Here's a video of plan B with the recently arrived 'Albert'

Note the slightly bemused Matthew in the background.

I was pleased with the damping effect as the system returns to the start position. I have some 'connectors' that limit airflow in one direction only. The system returns to the start position under gravity and the damping effect is caused by a build up of pressure within the cylinder as the piston compresses the air within it.

Tuesday, 8 September 2009

(Almost) Raising the dead

Finally the rod clevis for the end of the skeleton raising cylinder arrived today:

Here it is attached to the cylinder complete with foot clevis at the RHS and plates to mount to the lifting bar at the LHS.

Here is a highly technical plan of what I'm trying to do.

After a test run my rig failed to lift anything, then almost destroyed itself as I increased the pressure. Due to the short distance between the hinge and the piston attach point then once it got going the unhinged end of the lift bar went too fast.

I am going to have to maximise the angle between the cylinder and the base plate as the piston attaches to the bar quite low so a large force is required to make it move. Maximising this angle helps to reduce the force required to get it started.
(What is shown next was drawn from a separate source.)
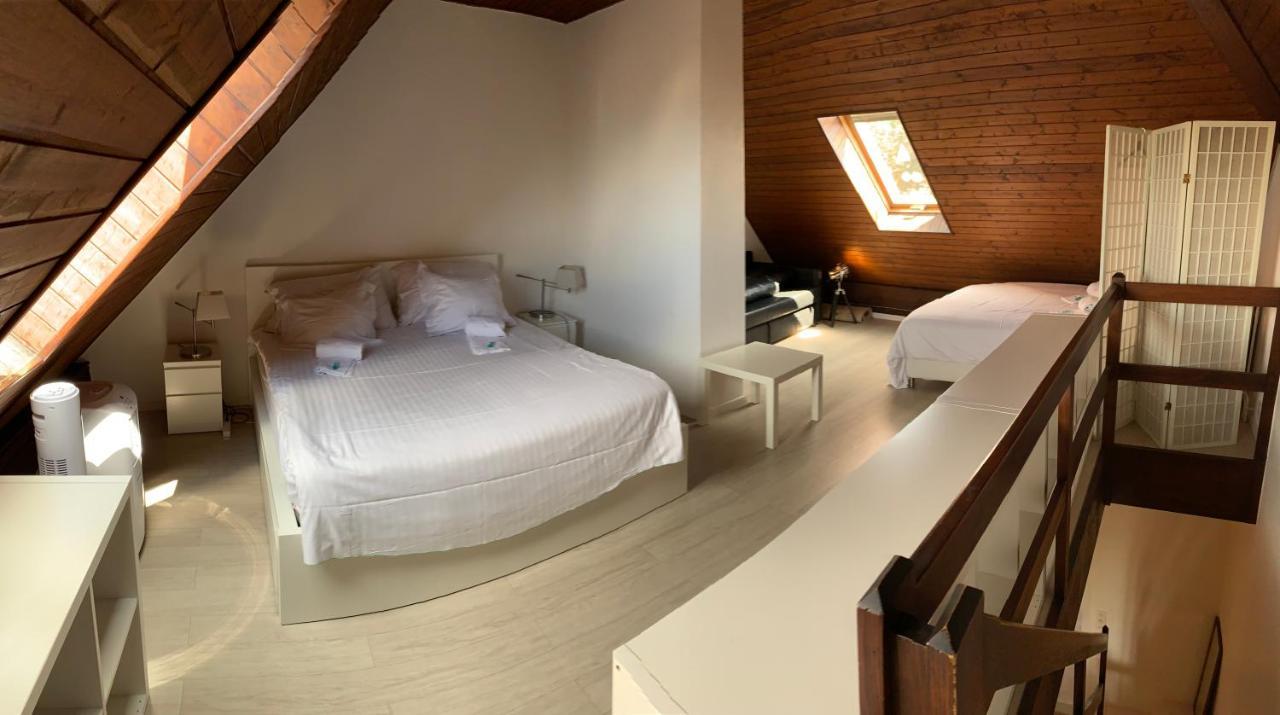 Luxury Duplex Vue Chateau Neuchâtel Eksteriør billede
Wednesday, 2 September 2009

Still waiting..but some progress

I'm still waiting for a 'rod clevis' to go on the end of my 250mm cylinder which will enable me to test the skeleton lifting mechanics. Ironically the website '' informed me they no longer stocked such an item 2 weeks after I ordered it.

Whilst waiting I designed the PCB for the parallel port interface. Here it is:

I originally intended to manufacture it myself but I found someone to make it for me in China for £46 delivered. Bargain!

Tuesday, 25 August 2009

I made a mounting plate and piston rod end hinge for the piston I'm going to open the coffin lid with.
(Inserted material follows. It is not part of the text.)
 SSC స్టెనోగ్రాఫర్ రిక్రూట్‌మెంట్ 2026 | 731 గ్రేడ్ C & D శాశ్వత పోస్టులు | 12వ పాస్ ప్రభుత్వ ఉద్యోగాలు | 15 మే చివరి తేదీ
My Lego lash up suggested to me that the mechanics were sound, but I made a full size version up to test the theory:

Here's a video of it in action, I was running it at quite low pressure (around 60psi) so there is plenty of room for improvement in the speed department.

Wednesday, 19 August 2009

Rats nest

I've now got all the schematic symbols sorted out and I'm ready to start designing the PCB. This basically involves placing copper tracks in place of the links between components on the PCB. I start out with the rats nest below and move/conenct
components until they are all connected as required ans sensibly positioned.

It's alive..well sort of

The small pneumatic cylinder I ordered from Ebay arrived today.

I'm going to use this to open the coffin lid. It has a 125mm stroke. As I need to make sure the mechanics will work I knocked up a simulation with some old Lego technic that has pneumatics!

Here is the lash up:

And a video of it in action. The red plate is the coffin lid!

Saturday, 15 August 2009

Revised Design

I decided that I needed to add some LEDs to show the ouput status of each channel, and some switches to allow the inputs to be stimulated.
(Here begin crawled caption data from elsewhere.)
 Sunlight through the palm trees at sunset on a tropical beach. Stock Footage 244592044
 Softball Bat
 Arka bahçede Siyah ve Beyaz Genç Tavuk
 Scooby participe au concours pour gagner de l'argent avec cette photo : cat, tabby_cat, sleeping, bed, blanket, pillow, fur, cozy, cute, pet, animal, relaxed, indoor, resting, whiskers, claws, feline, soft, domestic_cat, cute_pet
Now to check all the component footprints before I design the PCB.

Here's the new schematic:

Thursday, 13 August 2009

Interface Design

I finished the PC parallel port schematic. Just need to double check it then I have all the fun of finding the appropriate footprints for the components I wish to use. I think I'm going to go for a combination of surface mount and through hole components as I already have through hole stock of some of the bits.

Halloween beginnings

I've decided to start blogging some of the stuff I do in my spare time. First off I want to blog the development of a new Halloween show I'm doing for the house for 2009.

Last year I put on a show involving gravestones, lightning and smoke. This year I'm going to add
a coffin with door that opens as trick or treaters approach, and maybe put a skeleton that rises out of it.

I plan to develop an interface board to allow me to detect voltages and switch relays from the PC
parallel port as this is an easy port to connect to the outside world. The mechanics will be operated with pneumatics.

I started the ball rolling last night buy starting the interface board design and ordered some 12V solenoid valves:

And a pneumatic cylinder to raise the dead with:

This has a 250mm stroke so I'm hoping that with sufficient pressure it will raise a skeleton a la Nosferatu.